The over-wieldy board of nearly 30 representatives was dominated by corporate finance specialists only a handful of whom understood the nature of risk instruments, or even the fixed interest environment. As Cairns later observed to me about the decision to scale up fixed interest in early 1994: "I have never been in that business and as the verdict stands we were guessing what to do."

So the corporate finance executives were in effective charge of a rapidly changing securities environment they did not understand. At the same time, ironically, the wrong corporate financiers were in charge of corporate finance. They understood how to craft transactions on a bespoke basis; they were extremely reluctant to allow teams to be built which could operate with clients on a volume basis, turning the activity into the marketing-oriented business it became under the Swiss. The costs of running a business in this bespoke way meant, in turn, that the earnings each expensive executive made were too low to allow competitive bonuses to be paid, so the bank became vulnerable to staff poaching.

The Swiss formula proved remarkably effective. Traders were put on top of the bank and marketing specialists, running sector teams, in effect took over the corporate finance department.
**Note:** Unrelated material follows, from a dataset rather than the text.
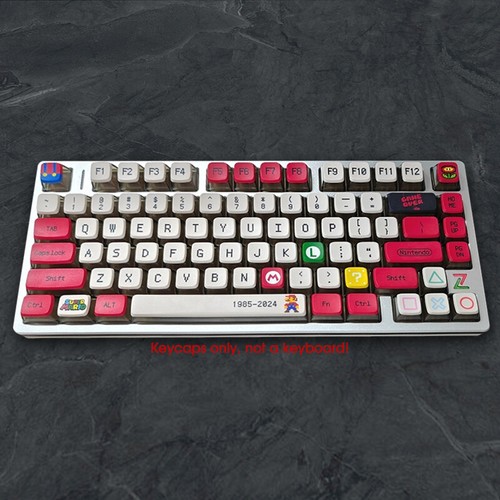 Mario Red Keycaps Set PBT Transparent Pudding for Cherry MX Mechanical Keyboards - Picture 10 of 11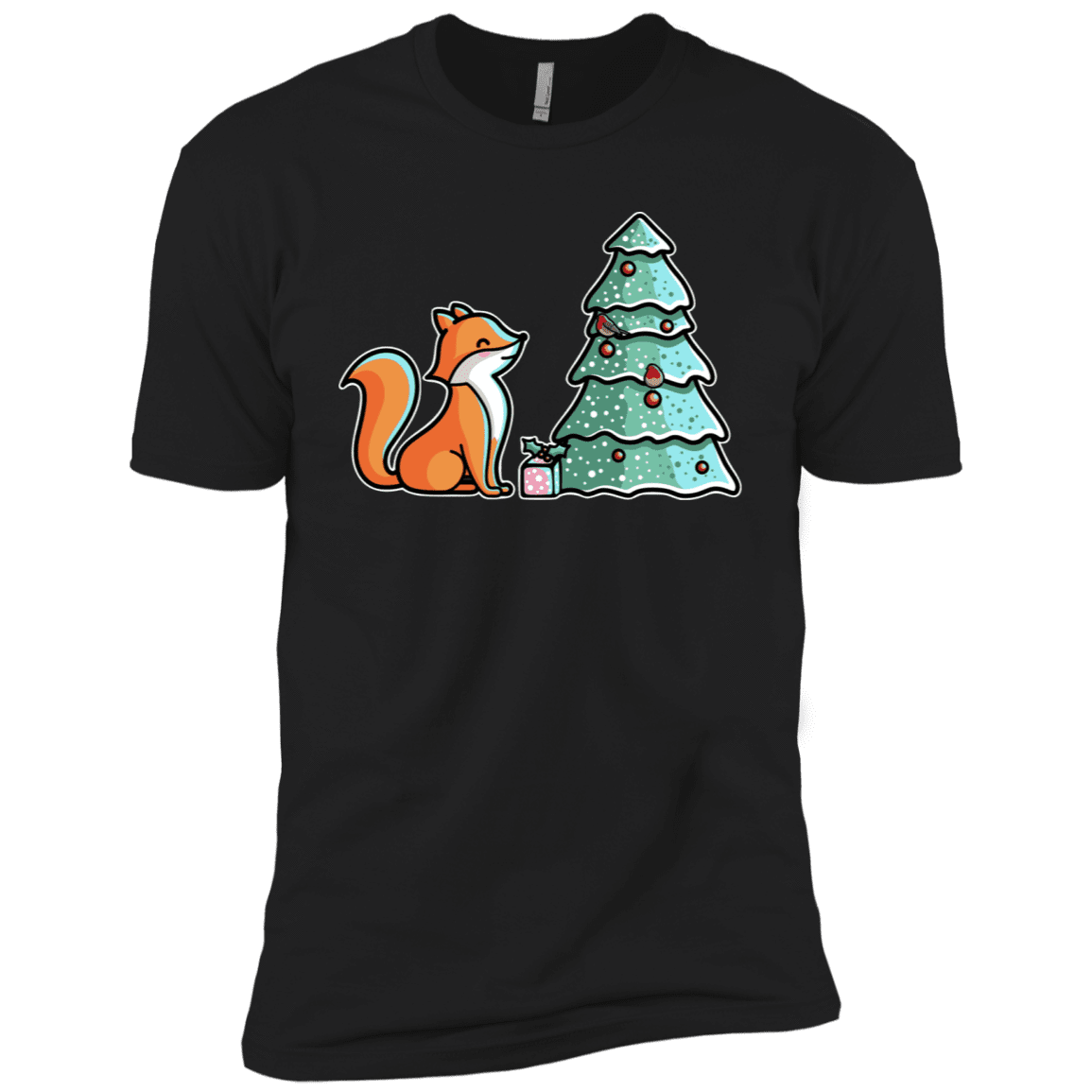 T-Shirts Black / X-Small Kawaii Cute Christmas Fox Men's Premium T-Shirt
It is easy to be wise after the event but it should not have been difficult for Warburg to execute this transformation in the early 1990s; even a relative paucity of capital could presumably have been remedied through some judicious fund-raising.

My hunch is that Cairns had concluded that he would not be able to overcome the internal resistance to the necessary changes and he saw the tight Morgan Stanley management team as the way to make them. "Well, David," he greeted me on the afternoon the proposed merger with Morgan Stanley was announced, "Is that bold enough for you then?" This was the reason that David Scholey and he were so determined to press ahead, despite being caught out by the leaks.
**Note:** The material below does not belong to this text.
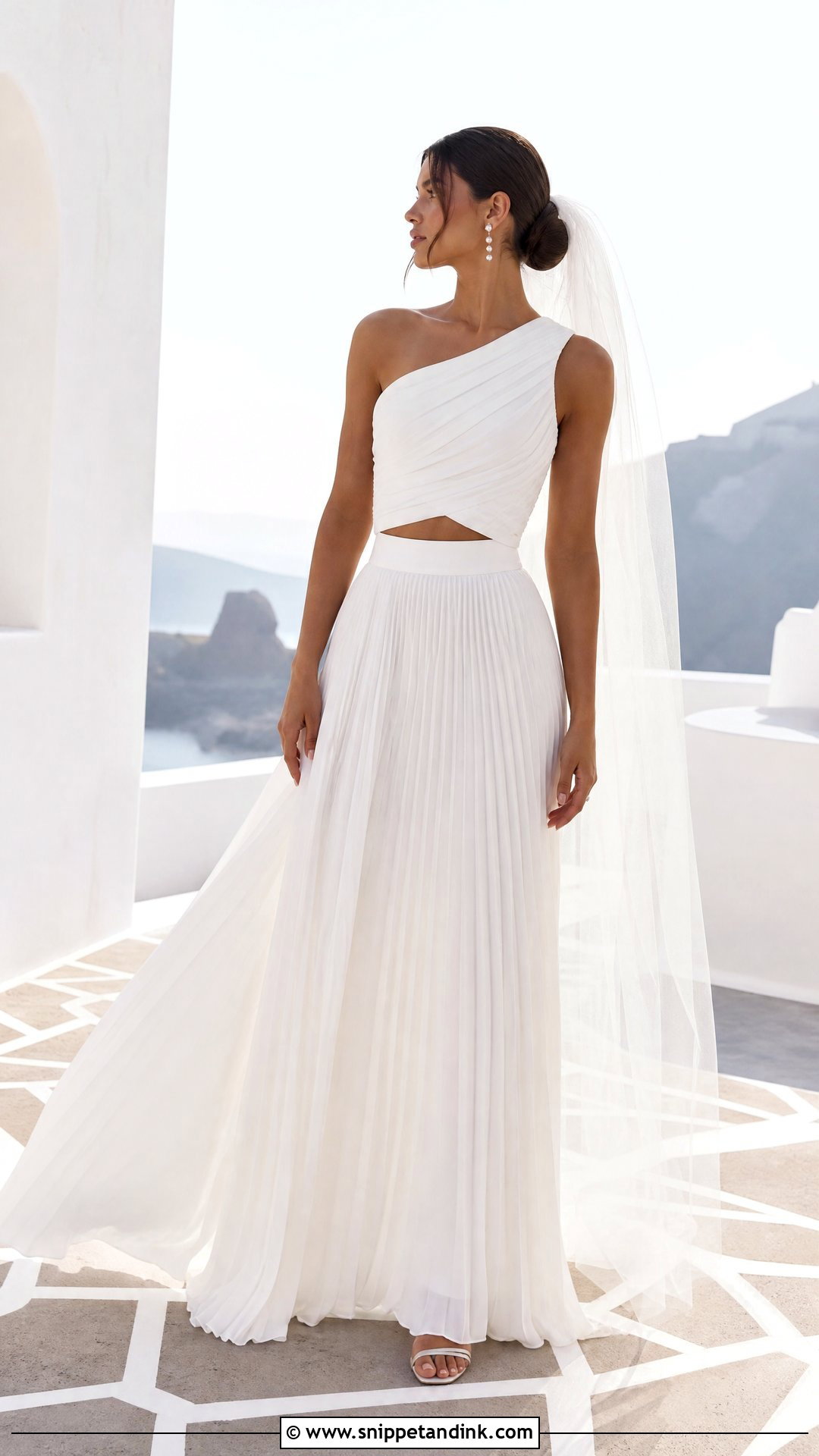 One Shoulder Top And Pleated Skirt Bridal Set - Snippet and Ink - 25 Bridal Two Piece Set Ideas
It is possible to take an entirely contrary view of the Warburg collapse and welcome, in particular, the speed with which it took place. This meant that, lurid headlines apart, not much fundamental damage had been done to Warburg's business infrastructure before the Swiss inherited it. They had less to repair and more to leverage. It means that today there is at least one foreign investment bank making a real success of working its way into the tightly controlled US domestic market.

David Freud retired as vice-chairman of investment banking at UBS in 2003, having spent 20 years with the bank and its predecessor, S G Warburg. Freud in the City by David Freud is published by Bene Factum Publishing, May 2006; 390 pages; hardback, £18.

Dressed for the kill

"You're working for SBC Warburg now," the Warburg workforce was told. "We have a casual clothes policy." So on the Monday, three distinct groups of people arrived at work. The first were the SBC traders in their elegant chinos and £100 shirts. The second were the Warburg die-hards who had always worn a suit and were damned if they were going to change now. The third group had searched through their wardrobe for casual gear and selected what they could find, which was their bonfire gear. I suspect the most horrified group in the room were the SBC traders who found themselves surrounded by tramps.